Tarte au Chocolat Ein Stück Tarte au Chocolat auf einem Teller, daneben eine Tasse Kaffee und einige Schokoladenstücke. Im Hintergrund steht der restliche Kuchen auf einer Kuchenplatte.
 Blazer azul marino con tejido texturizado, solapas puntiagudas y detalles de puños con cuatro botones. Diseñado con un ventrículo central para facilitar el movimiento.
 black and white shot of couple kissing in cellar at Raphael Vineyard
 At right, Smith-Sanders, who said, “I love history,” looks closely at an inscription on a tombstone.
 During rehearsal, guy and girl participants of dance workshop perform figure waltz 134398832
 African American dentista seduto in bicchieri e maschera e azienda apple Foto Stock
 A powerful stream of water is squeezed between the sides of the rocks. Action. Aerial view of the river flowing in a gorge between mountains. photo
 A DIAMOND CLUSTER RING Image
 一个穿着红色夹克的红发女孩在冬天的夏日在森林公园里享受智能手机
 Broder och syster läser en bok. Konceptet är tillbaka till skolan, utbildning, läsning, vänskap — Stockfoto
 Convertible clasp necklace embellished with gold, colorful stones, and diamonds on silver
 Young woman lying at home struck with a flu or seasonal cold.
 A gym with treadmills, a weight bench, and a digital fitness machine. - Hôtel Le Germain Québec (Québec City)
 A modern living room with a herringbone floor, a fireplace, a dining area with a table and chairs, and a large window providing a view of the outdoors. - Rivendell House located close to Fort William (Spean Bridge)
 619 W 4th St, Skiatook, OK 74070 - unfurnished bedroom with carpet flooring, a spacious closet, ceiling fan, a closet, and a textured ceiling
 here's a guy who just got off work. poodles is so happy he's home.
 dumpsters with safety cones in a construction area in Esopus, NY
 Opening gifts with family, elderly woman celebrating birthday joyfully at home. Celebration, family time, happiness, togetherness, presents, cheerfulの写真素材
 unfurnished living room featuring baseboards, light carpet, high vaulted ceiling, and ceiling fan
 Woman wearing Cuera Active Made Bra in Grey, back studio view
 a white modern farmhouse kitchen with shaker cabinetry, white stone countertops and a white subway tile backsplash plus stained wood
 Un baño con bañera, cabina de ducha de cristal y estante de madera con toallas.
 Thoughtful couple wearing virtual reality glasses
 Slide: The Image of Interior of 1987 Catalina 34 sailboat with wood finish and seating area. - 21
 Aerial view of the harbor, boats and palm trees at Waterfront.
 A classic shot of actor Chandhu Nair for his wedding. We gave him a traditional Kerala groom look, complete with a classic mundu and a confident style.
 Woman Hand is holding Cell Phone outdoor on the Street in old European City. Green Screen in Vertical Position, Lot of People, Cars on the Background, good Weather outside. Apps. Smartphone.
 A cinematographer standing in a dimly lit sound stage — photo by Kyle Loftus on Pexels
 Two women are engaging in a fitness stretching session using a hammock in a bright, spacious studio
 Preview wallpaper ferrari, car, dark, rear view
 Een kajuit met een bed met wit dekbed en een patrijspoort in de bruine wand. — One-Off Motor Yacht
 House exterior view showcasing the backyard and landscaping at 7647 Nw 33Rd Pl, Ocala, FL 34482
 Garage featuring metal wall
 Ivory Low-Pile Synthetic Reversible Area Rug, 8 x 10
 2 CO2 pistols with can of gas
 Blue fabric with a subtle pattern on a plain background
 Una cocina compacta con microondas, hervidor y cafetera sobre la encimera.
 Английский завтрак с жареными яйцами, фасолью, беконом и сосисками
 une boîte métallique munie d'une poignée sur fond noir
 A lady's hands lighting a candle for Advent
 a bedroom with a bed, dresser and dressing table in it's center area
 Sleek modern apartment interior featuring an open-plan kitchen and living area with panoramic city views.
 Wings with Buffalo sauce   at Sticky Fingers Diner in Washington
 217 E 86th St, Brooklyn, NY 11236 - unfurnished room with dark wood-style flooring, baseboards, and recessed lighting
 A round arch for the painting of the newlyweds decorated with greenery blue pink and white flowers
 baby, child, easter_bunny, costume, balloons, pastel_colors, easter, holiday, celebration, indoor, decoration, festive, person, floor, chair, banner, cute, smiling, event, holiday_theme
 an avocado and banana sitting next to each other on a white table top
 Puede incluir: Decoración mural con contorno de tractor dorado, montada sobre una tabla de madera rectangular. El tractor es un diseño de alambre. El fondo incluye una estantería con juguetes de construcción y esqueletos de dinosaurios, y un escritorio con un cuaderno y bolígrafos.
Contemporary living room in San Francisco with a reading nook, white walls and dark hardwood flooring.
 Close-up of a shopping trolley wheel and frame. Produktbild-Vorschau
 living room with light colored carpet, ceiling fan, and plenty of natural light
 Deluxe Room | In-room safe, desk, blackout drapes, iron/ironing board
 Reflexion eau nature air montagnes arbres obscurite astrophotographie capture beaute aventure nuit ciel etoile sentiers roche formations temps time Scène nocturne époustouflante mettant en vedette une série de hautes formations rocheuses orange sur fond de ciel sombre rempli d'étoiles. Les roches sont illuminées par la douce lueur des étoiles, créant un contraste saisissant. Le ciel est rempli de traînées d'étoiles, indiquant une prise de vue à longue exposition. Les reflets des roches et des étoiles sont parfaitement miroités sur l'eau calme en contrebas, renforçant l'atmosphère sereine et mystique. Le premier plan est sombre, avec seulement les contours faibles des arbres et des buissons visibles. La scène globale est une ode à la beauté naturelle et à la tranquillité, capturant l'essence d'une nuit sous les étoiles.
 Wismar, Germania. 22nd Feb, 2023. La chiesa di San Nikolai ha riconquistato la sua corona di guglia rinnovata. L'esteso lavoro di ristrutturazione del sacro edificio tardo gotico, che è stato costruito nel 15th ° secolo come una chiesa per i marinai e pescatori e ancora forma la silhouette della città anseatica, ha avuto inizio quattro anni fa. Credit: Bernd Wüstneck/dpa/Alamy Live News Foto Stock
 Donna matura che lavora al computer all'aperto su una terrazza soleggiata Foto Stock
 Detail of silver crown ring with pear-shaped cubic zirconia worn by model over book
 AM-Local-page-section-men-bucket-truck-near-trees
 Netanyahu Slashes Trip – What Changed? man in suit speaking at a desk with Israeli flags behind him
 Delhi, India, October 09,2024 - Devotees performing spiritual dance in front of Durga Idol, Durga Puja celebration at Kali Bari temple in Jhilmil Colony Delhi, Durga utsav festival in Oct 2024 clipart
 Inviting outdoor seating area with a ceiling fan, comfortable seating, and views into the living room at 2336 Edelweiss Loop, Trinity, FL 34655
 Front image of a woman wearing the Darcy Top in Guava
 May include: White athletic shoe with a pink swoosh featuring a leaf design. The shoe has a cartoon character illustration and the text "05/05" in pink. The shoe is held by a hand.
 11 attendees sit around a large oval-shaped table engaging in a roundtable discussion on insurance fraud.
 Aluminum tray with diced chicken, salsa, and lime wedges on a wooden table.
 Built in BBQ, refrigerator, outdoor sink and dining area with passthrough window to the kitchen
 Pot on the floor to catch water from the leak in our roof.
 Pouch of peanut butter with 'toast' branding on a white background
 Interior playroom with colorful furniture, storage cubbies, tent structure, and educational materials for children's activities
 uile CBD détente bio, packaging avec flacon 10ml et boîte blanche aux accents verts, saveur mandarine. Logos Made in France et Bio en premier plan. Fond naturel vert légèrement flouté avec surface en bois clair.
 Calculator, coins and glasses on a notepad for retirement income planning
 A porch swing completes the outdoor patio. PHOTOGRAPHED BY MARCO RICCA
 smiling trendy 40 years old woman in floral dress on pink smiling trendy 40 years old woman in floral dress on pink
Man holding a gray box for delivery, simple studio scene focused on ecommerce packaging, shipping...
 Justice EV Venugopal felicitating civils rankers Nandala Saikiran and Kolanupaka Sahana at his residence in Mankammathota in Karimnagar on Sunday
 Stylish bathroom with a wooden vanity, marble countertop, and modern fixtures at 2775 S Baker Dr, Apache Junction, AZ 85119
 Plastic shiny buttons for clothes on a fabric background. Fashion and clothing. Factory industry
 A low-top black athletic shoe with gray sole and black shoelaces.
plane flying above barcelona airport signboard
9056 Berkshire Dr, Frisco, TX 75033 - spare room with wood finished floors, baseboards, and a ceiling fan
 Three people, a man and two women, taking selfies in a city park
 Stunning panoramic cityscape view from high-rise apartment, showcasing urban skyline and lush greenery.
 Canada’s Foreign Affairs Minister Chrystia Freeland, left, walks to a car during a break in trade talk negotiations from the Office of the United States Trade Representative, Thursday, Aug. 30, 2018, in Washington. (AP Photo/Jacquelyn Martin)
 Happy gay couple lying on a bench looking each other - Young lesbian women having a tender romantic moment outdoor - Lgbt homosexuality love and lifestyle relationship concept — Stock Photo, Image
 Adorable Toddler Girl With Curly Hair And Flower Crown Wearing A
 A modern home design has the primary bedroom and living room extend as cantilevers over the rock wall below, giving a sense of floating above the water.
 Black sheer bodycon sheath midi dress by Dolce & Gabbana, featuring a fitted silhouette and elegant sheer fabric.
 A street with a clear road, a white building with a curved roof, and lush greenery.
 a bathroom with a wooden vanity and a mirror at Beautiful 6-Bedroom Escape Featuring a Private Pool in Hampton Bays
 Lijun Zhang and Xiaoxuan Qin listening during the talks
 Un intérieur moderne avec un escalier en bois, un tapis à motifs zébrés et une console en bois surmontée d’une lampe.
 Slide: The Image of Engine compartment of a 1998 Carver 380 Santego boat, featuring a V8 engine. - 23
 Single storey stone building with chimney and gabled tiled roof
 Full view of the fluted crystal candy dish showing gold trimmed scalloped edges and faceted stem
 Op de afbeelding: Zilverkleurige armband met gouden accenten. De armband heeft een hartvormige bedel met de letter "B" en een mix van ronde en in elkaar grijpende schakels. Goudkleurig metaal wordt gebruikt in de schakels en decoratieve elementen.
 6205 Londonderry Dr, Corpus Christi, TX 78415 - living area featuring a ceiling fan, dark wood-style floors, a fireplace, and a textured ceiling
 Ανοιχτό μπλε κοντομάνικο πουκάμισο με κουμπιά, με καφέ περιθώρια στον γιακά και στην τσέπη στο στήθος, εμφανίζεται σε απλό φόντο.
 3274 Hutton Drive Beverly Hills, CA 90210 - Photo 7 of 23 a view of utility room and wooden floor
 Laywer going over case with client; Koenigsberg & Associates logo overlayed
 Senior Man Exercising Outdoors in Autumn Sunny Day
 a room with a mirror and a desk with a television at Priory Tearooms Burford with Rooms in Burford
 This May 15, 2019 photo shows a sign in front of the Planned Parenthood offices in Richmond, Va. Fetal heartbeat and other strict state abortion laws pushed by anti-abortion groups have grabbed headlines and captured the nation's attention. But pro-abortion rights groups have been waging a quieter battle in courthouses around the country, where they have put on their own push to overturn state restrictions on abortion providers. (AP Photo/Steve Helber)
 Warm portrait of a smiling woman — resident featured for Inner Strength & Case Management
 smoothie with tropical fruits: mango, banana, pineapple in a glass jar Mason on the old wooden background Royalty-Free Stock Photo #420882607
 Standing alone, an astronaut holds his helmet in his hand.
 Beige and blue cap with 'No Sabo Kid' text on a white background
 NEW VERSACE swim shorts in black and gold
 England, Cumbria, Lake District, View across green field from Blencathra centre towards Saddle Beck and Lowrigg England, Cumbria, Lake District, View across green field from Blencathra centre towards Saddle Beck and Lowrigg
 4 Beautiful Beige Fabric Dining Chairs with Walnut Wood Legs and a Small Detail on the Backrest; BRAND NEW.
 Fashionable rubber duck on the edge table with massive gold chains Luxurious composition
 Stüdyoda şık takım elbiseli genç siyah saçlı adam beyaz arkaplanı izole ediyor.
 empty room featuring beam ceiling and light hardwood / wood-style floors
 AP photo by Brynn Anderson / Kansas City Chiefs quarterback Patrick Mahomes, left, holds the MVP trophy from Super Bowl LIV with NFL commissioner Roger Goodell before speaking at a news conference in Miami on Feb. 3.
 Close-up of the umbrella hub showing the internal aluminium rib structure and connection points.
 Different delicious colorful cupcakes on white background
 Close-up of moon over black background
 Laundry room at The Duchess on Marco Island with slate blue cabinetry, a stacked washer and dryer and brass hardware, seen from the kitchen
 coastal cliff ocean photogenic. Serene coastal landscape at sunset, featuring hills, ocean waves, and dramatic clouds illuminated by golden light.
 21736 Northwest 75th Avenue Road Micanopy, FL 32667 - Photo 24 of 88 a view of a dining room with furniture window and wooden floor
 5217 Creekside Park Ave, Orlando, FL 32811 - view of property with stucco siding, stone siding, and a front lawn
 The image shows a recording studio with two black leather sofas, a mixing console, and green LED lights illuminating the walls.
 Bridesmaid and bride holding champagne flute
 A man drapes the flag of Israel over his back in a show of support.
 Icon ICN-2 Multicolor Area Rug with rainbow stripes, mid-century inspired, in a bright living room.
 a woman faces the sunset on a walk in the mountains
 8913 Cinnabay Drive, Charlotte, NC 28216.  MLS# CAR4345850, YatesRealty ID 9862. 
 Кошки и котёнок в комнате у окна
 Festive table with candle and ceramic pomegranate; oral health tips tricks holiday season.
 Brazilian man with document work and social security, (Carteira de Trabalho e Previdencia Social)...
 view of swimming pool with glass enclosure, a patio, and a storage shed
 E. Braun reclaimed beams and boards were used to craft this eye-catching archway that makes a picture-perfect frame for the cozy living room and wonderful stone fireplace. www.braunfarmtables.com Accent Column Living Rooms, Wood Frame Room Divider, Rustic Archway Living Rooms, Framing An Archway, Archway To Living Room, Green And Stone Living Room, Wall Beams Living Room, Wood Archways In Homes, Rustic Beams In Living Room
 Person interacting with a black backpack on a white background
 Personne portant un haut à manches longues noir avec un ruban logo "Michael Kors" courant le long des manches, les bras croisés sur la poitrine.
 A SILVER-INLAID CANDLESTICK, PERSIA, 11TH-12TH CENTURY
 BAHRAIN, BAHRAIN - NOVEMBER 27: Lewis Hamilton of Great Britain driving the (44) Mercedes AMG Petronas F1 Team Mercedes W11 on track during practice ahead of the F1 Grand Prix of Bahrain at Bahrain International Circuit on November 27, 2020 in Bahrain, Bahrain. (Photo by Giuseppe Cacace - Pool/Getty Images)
____________
Exercise: Start at the first line of the entries and stop at the line with "During rehearsal, guy". Retype each of those lines exactly, both ends included.

Exercise response:
Tarte au Chocolat Ein Stück Tarte au Chocolat auf einem Teller, daneben eine Tasse Kaffee und einige Schokoladenstücke. Im Hintergrund steht der restliche Kuchen auf einer Kuchenplatte.
 Blazer azul marino con tejido texturizado, solapas puntiagudas y detalles de puños con cuatro botones. Diseñado con un ventrículo central para facilitar el movimiento.
 black and white shot of couple kissing in cellar at Raphael Vineyard
 At right, Smith-Sanders, who said, “I love history,” looks closely at an inscription on a tombstone.
 During rehearsal, guy and girl participants of dance workshop perform figure waltz 134398832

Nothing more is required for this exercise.